When he had decided to make his stand, Corbett had been convinced that it would certainly be the last stand for him and the riflemen he commanded. For all that the horde of barbarians were primitively armed even for this time and place, there were just too many of them; far more of them than he and his force had of cartridges for their rifles. But he had been wrong.

Due to some wildly implausible turns of good fortune, he and his force had beaten off charge after charge of the screaming, wild-eyed cannibals, piling up three to four hundred dead or dying Ganiks with well-aimed shots and explosive bullets.

But it had been a near thing—or so it had seemed at the time. They had been down to a scant handful of cartridges per man when the Ganiks were suddenly reinforced and, encouraged by the fresh forces, had mounted yet another full-scale charge. But when this one, too, had ended as had all the earlier ones in bloody butchery and defeat, those Ganiks still unhurt, some two hundred or more, had mounted their horses and ponies and ridden away to the northwest without a backward glance.

After a far-ranging reconnaissance of the Ganiks’ line of withdrawal to be certain that it was really such and not simply a ruse to draw them out of their well-defended defile, the exhausted riflemen had butchered a Ganik pony and camped the night in the grassy, well-watered area just to the north of the mouth of the defile. Then, next morning, they had pushed on southward in the wake of the smaller, more vulnerable party.

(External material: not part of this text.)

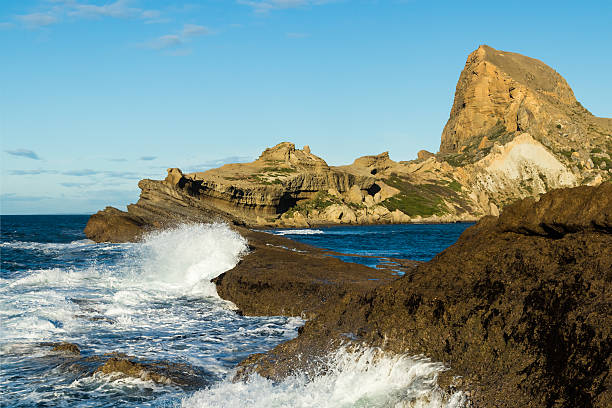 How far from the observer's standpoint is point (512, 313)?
5.13m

It did not ease their minds to discover signs that a sizable mounted party of Ganiks was spurring on along the same trail between their force and the smaller one. But luck still rode with them. They surprised the contingent of Ganiks camped along the trail and had cut most of them down before some were fully awake. Two or three, no more, escaped in the darkness, afoot and unarmed. Their leader was captured alive but unconscious, victim of a blow from Jay Corbett’s mace.

Some presentiment had caused Jay Corbett to spare the life of the middle-aged, bald, bearded and indescribably filthy cannibal chief, and he had never had cause to regret his action, far from it. Old Johnny “Skinhead” Kilgore had proved himself worth his weight in diamonds to Corbett and every other trooper of the survivors.

The Ganik’s knowledge of game and hunting, of wild but edible plants and of plants having natural medicinal qualities had kept them well fed and healthy for almost all the remaining journey. He had quickly and easily shed most of his Ganik ways and become one of them. He made friends easily, and his unquestioned expertise as a woodsman soon had earned him the respect and trust of all the troopers.

But if he and his newfound mates fared well, the murderous Dr. Harry Braun surely did not. When Gumpner halted his small command for the night, after the wild ride from the defile, in a sheltered, easily defensible glen, Braun was alternately screaming with pain and lapsing into unconsciousness. Upon lifting him down from his saddle and examining him, Gumpner found the injured, splinted and bandaged leg immensely swollen and horribly discolored for its entire length—toes to crotch—with the toes and part of the foot turning black.

When Corbett joined Gumpner, the officer decided to do what little he could in the absence of a trained doctor by opening and draining the infected leg, and this he did with the assistance of Gumpner and a few others.

In the aftermath of the crude surgery, Braun surprisingly seemed to be improving, and when the horses, ponies and mules had grazed out the glen, Corbett had felt few qualms about moving on with the injured scientist. But Braun’s condition had gradually deteriorated under the strains of daily travel, and when Old Johnny Kilgore and a hunting party found a promising, grassy, well-watered spot some kilometers west of the trail, Corbett had had the unit go into camp there.